September 8, 2018 — 11:43

By Grace Maselli

Yes, you read it right. Booyah: “Used to express joy, especially over a well-played or victorious moment in sports.” When this humble blogger took a second to look up one of the kookiest words ever, it revealed itself as the first piece in a bread crumb trail leading to London and timebanking’s back story. It’s relevant to note that booyah is also a thick stew “of probable Belgian origin made throughout the Upper Midwestern United States,” and a stomach pleaser, arguably, depending on your dietary persuasion. Putting the two together, (1) booyah as exercise and, by extension, health, and (2) booyah as homemade food (ideally, nutritious food, maybe even made with organic, pasture-raised ingredients), the question the bread crumb trail leads to is, how might health and timebanks be connected?
The Doctor Is In

London’s Dr. Isabel Garcia’s work gives us a clue in a superb report from the New Economics Foundation (NEF), “Keeping the GP Away, an NEF Briefing about Community Time Banks and Health. Notably, the NEF and the good doctor were way ahead of this September 2018 post, having penned the report 16 years earlier in February 2002. The New Economics Foundation and the concept of timebanking was developed far earlier still, in 1986, at the London School of Economics by Washington law professor Edgar Cahn, the report’s details reveal. The report also explains that  timebanking, “works like a blood bank or babysitting club: ‘Help a neighbour and then, when you need it, a neighbour—most likely a different one—will help you.'”

The NEF’s and Dr. Garcia’s findings came from tracking people’s post-surgical health needs in “Rushey Green,” an electoral ward in the London Borough of Lewisham and set against the backdrop of England’s National Health Service.
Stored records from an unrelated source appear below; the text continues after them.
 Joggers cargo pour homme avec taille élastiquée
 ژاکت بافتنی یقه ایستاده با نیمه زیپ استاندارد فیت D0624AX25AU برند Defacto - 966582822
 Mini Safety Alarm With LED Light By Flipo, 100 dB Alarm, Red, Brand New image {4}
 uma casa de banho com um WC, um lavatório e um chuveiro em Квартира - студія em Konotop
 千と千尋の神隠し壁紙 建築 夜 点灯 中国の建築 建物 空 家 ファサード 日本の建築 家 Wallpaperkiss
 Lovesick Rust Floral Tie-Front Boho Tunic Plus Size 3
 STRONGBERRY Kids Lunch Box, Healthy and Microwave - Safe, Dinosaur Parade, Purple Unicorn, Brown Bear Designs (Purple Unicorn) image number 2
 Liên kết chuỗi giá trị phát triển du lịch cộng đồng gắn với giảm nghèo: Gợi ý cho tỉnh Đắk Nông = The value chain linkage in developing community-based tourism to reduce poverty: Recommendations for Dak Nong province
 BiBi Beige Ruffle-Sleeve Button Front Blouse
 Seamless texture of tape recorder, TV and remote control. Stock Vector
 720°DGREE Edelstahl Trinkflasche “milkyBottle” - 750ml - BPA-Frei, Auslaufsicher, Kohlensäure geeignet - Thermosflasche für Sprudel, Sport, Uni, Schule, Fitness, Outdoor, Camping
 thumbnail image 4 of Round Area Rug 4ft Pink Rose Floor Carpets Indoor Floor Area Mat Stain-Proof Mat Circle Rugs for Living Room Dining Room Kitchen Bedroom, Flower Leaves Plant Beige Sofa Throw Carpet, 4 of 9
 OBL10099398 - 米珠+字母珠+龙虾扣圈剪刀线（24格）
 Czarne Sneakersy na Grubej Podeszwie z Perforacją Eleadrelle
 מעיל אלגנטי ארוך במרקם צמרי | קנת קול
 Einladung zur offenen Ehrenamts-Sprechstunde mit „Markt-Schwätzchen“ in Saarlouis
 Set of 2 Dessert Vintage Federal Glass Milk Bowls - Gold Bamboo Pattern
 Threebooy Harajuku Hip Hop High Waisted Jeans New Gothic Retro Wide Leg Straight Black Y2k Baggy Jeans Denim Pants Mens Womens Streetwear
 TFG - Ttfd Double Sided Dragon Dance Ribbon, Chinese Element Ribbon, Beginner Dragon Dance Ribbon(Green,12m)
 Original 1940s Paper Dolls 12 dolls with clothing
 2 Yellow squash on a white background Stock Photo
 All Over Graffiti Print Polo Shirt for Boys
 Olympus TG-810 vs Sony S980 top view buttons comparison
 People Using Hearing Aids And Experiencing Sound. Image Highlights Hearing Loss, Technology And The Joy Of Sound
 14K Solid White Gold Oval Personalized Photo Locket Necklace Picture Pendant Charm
Here’s an excerpt from the report’s conclusion:

1. The community time bank approach does help to engage patients as partners in the business of delivering health. It does this by helping to shift the focus from people’s problems to their abilities.
2. Time banks can lever hidden resources in the community. The Rushey Green model seems to be able to access people’s time and goodwill in such a way that they can provide a useful arm to the surgery.
3. Time banks allow health centres to supply a broader view of health. Time banks are not a stand-alone model, but a flexible approach that can be grafted onto existing activities.
4.  Mutual support can make a difference to the way people experience the NHS. Mutual volunteering among patients through a time bank can benefit both the giver and the receiver.

To this conclusion, dear reader, let’s shout booyah in honor of every well-played and victorious moment in the sport of keeping people connected within their timebanking communities. And for the joy that comes with the collective health and well-being of as many as possible.